MEMÓRIA COLETIVA - ELIS REGINA

Manhã do dia 19 de janeiro. Ano 1982. A hora? Nem me lembro. Calor sufocante, nuvens escuras e densas povoam os céus anunciando chuvaradas de verão. O velho fusca percorre a Avenida dos Estados. A voz empostada do locutor anuncia sem convicção: “Morre Elis Regina”. O suor se mistura às lágrimas que escorrem abundantes. Não pode ser verdade. Parecendo conectado ao piloto, o carro segue. Sem dar conta, chego a casa e ligo imediatamente a TV. Informações controversas, declarações emocionadas e confusas, contestações sobre a causa da morte. Tudo isso não importa. Os exames não deixam dúvida: overdose. Aos 36 anos, nos deixa a maior intérprete de todos os tempos. Pimentinha, como era chamada pela sua estatura e seu comportamento irrequieto.

“Chorei, chorei muito até ficar com dó de mim” como diz a canção. Senti-me traída, ela não tinha esse direito. Ir embora justamente quando tantas barreiras haviam sido vencidas, quando era reconhecidamente a musa da nossa música nos vários gêneros, do rock ao jazz, passando pelo samba e, principalmente, pela MPB. Na cidade efervescente de São Paulo realizou seus planos artísticos. Interpretando canções, registrou momentos de felicidade, amor, tristeza, patriotismo.

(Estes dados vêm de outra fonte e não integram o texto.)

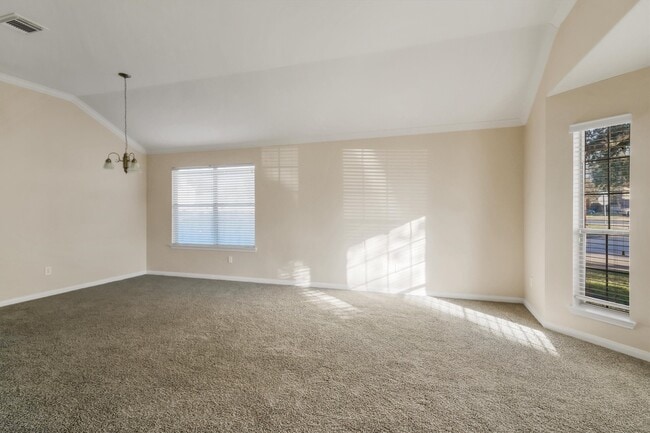 Photo - 835 Dracena Ct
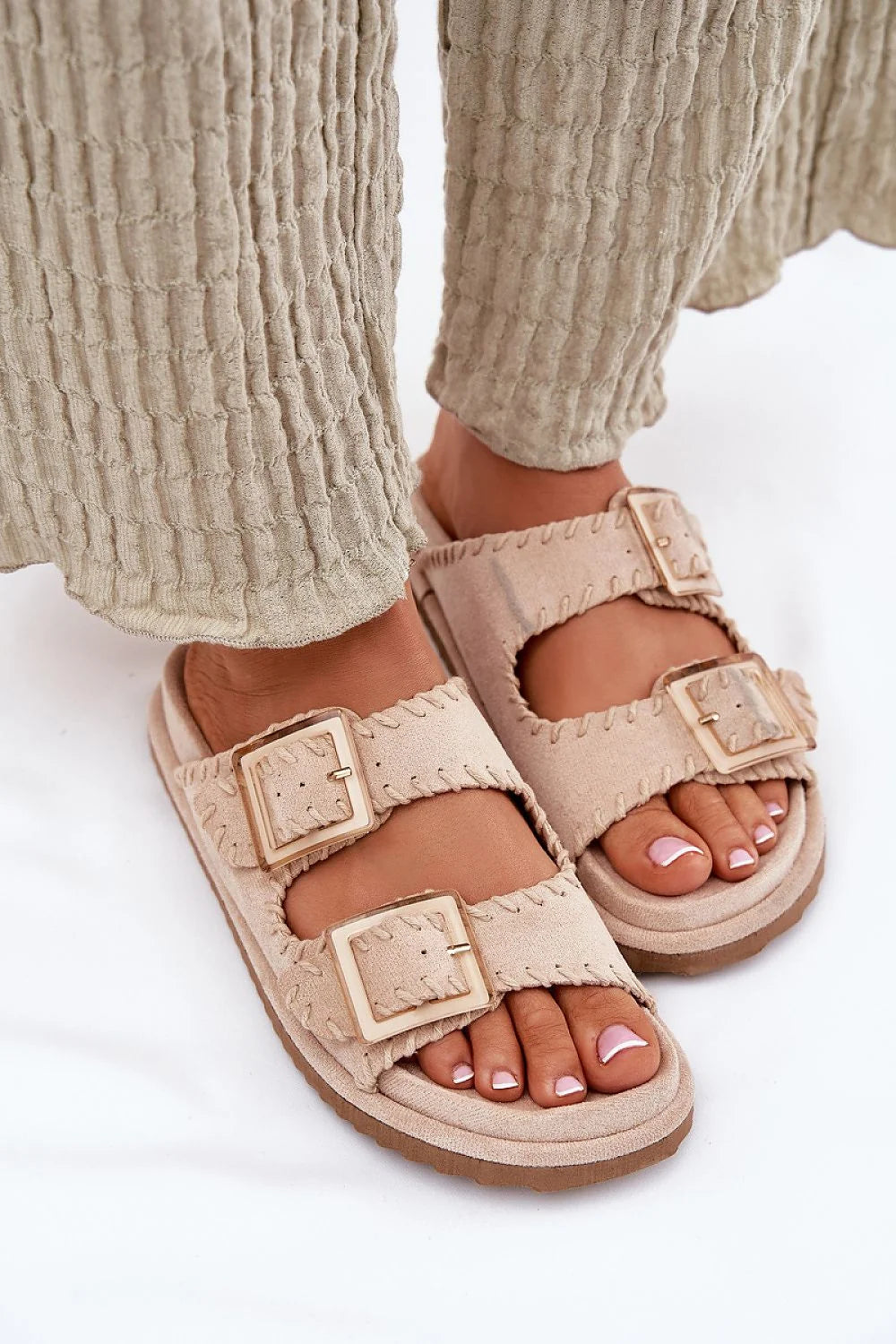 Sandales pour femme en cuir naturel style décontracté contemporain beige talon 8.5 cm semelle épaisse amortissant confortable été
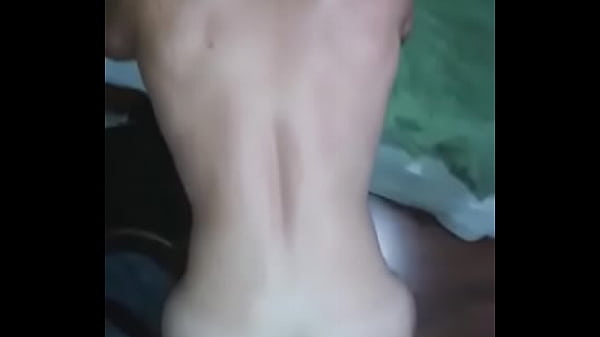 Branquinho gostoso levando pica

E denunciou a ditadura militar que se instalara no país, como em “muita patrulha, muita bagunça a coisa tá ficando ruça...”, ou em ”Quero lhe contar o que eu vivi e tudo o que aconteceu comigo...”.

Elis era assim: agitada, glamorosa, irrequieta como a cidade. Nos espetáculos de que participava, sua voz perfeita e inconfundível irradiava emoções contraditórias de melancolia e felicidade (“Vou buscar a geleira azul da solidão...”,    ”Meu coração tropical tá coberto de neve...”). Lançou autores desconhecidos e divulgou suas obras, impulsionando-os no cenário musical brasileiro (“Ilumina a mina escura e funda o trem da minha vida...”). Deu roupagens novas para músicas antigas (“Táubua de tiro ao Álvaro...”). Enfim, tudo o que gravava era sucesso. Mesmo vivendo numa época difícil, com uma censura implacável.

Com minhas amigas da pensão, cantava até alta madrugada, refletindo sobre o significado das canções que ela interpretava e discutindo o pesado momento.  Arriscávamos as vozes aos acordes do violão dedilhado por uma das garotas: “Você vive o faz de conta, diz que é de mentira, brinca até cair... E você se escondeu...”. ”... Uma mulher que merece viver e amar como outra qualquer do planeta...”.

Em “Falso Brilhante”, um dos mais lindos espetáculos que vi, tenho a linda lembrança  de Elis no balanço florido, riso fácil, voz limpa, saracutieira como sempre. Em “saudades do Brasil”, um de seus últimos espetáculos, eu acompanhava a grande roda formada no palco pelos músicos e bailarinos. A pequenina e espevitada Elis desaparecia no grupo. E cantávamos...” como se fora a brincadeira de roda, magia,  o suor da vida no calor de irmãos...“

De repente, nossa mente se vê anuviada por essa borrasca. A melhor intérprete do Brasil deixa sua “cadeira vazia”,  “pra dizer adeus”.

Hoje, 32 anos depois, o Brasil lamenta essa ausência que não foi e jamais será esquecida porque como diz a canção “nossos ídolos ainda são os mesmos e as aparências não enganam não...”. Suas interpretações estão gravadas como “tatuagem”, porque  “...possuímos a mania de ter fé na vida”.